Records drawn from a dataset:
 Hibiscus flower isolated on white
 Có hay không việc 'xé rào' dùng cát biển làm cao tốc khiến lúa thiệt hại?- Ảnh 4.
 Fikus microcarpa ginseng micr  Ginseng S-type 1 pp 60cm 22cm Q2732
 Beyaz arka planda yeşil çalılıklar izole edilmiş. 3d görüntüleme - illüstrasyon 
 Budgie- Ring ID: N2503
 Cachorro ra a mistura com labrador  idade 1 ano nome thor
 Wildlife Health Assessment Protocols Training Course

--

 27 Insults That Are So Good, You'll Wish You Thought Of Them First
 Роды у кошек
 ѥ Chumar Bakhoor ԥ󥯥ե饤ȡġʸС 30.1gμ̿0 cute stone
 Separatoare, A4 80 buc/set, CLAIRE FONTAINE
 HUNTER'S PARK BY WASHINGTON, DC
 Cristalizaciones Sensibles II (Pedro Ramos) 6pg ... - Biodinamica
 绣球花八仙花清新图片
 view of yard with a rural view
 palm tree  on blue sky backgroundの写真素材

...

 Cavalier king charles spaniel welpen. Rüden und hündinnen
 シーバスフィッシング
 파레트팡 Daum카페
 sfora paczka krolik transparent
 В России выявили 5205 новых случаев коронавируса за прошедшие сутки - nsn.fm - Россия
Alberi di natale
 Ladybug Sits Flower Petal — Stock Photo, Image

Task - The entries above hold the needed span. Transcribe exactly the lines from the one with "27 Insults That" to the one with "blue sky backgroundの写真素材", both included.

Answer section -
 27 Insults That Are So Good, You'll Wish You Thought Of Them First
 Роды у кошек
 ѥ Chumar Bakhoor ԥ󥯥ե饤ȡġʸС 30.1gμ̿0 cute stone
 Separatoare, A4 80 buc/set, CLAIRE FONTAINE
 HUNTER'S PARK BY WASHINGTON, DC
 Cristalizaciones Sensibles II (Pedro Ramos) 6pg ... - Biodinamica
 绣球花八仙花清新图片
 view of yard with a rural view
 palm tree  on blue sky backgroundの写真素材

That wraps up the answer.